Por: RAFAEL MARTÍNEZ-SIMANCAS

Por encima de la Ley no puede haber nada, (salvo el cocido de Lhardy) que es un asunto de gran respeto entre madrileños y de enorme devoción para ilustres visitantes. Antes de que Madrid fuera Comunidad, ya estaba Lhardy; antes de que Madrid fuera de José Tomás ya se había celebrado un almuerzo homenaje a Manolete. Todavía eran españolas Cuba y Filipinas cuando en 1839 Emilio Lhardy funda el restaurante. Cuando en Madrid apenas había cincuenta números de teléfono, uno de ellos era el de Lhardy. Este local singular de la Carrera de San Jerónimo es el enlace entre Carlos III y Madrid 2016 contado plato a plato que es una medida de tiempo no reconocida por la Física pero que todo el mundo entiende.

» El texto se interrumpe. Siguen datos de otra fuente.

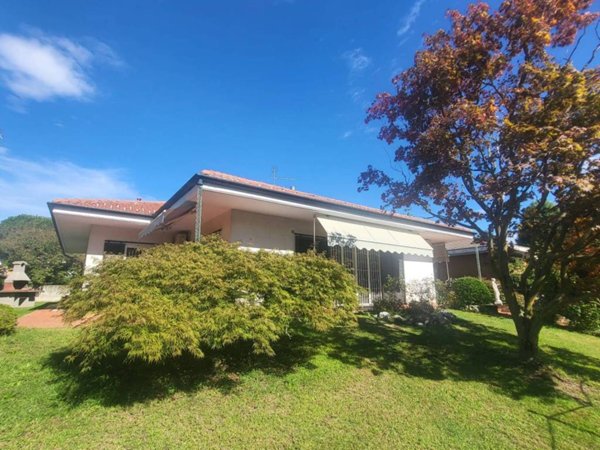 casa indipendente in vendita a Castano Primo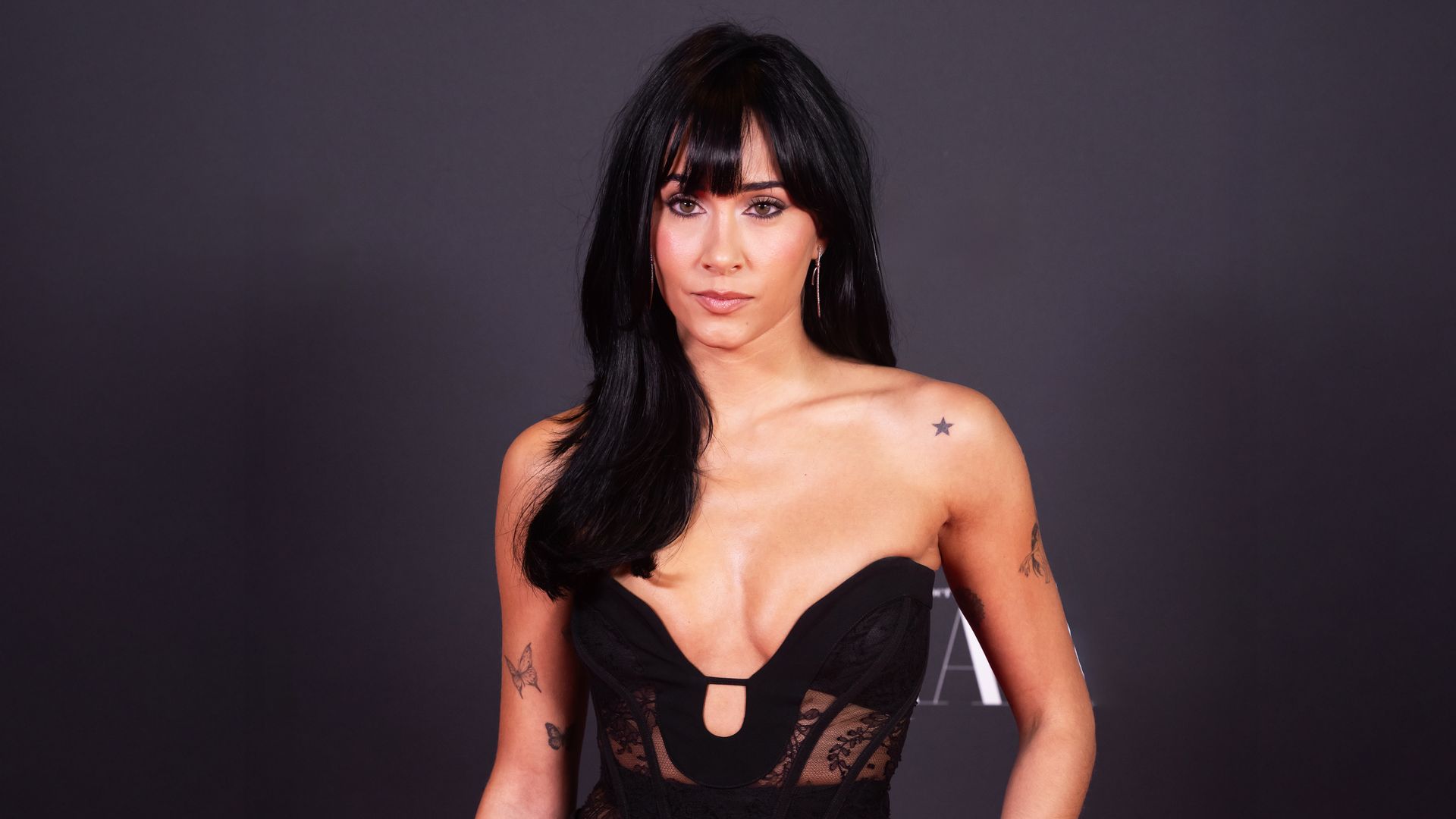 Aitana, sexy y elegante para conocer al Rey: su vestido drapeado de "superestrella" que ha dado la vuelta al mundo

Allí han comido reyes y republicanos, rojos y nacionales, cursis y postmodernos, todos ellos unidos por el garbanzo que es nuestra seña de identidad. De manera incomprensible no se sabe por qué no figura su ele mayúscula dentro de una de las estrellas de Madrid. A ver si estos políticos dejan de pelearse por lo urgente y se ocupan de lo importante, como decía Mafalda.
Lhardy no ha sido ajeno a los acontecimientos que ha vivido Madrid, y si tocaba fiesta o racionamiento se notó en su carta. Y, ahora, en estos tiempos de licencias que tardan tanto en concederse que se terminan por pasar y pierden sabor, Lardhy no ha sido ajeno. Un día tras otro hasta que han transcurrido catorce años sin la oportuna “papela” para despachar a los clientes. Es lo que le faltaba a este centenario lugar: vivir en la ilegalidad y echarse al monte no a por níscalos sino para evitar inspectores del Ayuntamiento.
Consta que el alcalde ha realizado más de un almuerzo en ese lugar pero cuando Gallardón acudía se provocaba una amnesia temporal en función de la cuchara, es decir que ni el alcalde recordaba lo de la licencia, ni el maitre sacaba el tema porque, (insisto), cuando hay cocido de por medio sobran las palabras porque la boca se tiene que ocupar de algo más importante. Por lo tanto se demuestra que la aplicación a rajatabla de la normativa municipal es un desvarío: imaginar el cierre de Lhardy por falta de documentación habría sido como desmontar la Torre Eiffel para apretar sus tornillos.